— Exercise brief —
Filter the records, keeping every line that has the string "with".

— Exercise data —
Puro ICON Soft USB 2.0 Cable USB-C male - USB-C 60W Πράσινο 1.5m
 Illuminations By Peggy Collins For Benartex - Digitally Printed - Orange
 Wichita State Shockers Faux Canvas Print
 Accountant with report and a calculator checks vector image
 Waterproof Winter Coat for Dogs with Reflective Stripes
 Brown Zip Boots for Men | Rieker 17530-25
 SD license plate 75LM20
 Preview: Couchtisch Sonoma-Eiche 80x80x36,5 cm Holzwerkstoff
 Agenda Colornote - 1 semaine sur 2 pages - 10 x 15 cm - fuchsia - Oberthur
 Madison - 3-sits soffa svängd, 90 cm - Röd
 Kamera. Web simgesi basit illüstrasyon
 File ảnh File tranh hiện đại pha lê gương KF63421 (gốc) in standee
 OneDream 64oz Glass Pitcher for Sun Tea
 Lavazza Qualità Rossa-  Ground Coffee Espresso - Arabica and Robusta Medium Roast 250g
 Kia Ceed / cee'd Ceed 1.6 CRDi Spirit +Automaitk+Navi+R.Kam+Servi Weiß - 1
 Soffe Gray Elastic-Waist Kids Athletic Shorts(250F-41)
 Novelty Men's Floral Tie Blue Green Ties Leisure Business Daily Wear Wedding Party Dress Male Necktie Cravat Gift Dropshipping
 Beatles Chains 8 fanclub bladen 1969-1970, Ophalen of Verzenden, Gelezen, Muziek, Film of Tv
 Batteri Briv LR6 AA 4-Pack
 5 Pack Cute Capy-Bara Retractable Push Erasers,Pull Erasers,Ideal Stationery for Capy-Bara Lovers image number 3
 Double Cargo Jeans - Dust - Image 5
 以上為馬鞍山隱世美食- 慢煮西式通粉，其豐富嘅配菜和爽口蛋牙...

— Your solution —
 Accountant with report and a calculator checks vector image
 Waterproof Winter Coat for Dogs with Reflective Stripes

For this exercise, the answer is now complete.